Please print every line from the one containing "Black Cowboy Bill" through the last line of the records below, exactly as written and nothing more.

(Crawled caption data)
= = = = =
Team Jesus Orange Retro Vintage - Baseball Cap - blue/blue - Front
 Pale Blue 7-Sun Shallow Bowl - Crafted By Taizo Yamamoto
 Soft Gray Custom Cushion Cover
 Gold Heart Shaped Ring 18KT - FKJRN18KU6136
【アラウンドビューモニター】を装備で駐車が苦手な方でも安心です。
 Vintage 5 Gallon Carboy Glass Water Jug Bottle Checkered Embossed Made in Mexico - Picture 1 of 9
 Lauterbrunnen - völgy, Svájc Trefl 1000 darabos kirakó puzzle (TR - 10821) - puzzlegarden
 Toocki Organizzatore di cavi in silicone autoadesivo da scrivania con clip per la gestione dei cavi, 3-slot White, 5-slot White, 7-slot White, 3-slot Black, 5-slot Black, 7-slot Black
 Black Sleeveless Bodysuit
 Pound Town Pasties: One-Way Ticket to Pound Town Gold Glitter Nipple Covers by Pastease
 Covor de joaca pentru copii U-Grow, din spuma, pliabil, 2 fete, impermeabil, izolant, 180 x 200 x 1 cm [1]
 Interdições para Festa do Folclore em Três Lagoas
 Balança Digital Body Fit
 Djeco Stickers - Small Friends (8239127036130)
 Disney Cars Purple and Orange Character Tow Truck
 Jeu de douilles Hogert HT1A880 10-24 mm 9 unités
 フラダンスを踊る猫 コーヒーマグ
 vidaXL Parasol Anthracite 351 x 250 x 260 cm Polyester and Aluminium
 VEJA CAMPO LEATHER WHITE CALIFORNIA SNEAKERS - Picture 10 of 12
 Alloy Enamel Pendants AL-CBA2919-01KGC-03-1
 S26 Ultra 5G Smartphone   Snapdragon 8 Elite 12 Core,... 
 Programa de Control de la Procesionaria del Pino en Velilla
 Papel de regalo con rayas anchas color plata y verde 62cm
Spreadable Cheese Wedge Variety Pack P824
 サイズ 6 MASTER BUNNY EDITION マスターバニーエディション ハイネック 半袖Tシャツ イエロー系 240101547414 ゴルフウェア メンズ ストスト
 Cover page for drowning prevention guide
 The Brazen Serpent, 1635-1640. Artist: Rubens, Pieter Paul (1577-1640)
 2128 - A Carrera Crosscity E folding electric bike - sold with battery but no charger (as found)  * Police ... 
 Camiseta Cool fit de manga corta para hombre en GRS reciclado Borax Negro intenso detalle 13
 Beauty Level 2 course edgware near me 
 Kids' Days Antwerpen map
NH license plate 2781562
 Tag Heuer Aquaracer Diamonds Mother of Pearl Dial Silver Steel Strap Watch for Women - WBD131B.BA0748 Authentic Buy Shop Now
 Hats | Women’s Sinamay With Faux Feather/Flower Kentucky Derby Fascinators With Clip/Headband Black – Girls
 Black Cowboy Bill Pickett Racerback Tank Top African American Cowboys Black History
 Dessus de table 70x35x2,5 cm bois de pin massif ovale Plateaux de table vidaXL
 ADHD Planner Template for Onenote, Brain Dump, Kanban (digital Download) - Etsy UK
= = = = =
### Response for this exercise
 Black Cowboy Bill Pickett Racerback Tank Top African American Cowboys Black History
 Dessus de table 70x35x2,5 cm bois de pin massif ovale Plateaux de table vidaXL
 ADHD Planner Template for Onenote, Brain Dump, Kanban (digital Download) - Etsy UK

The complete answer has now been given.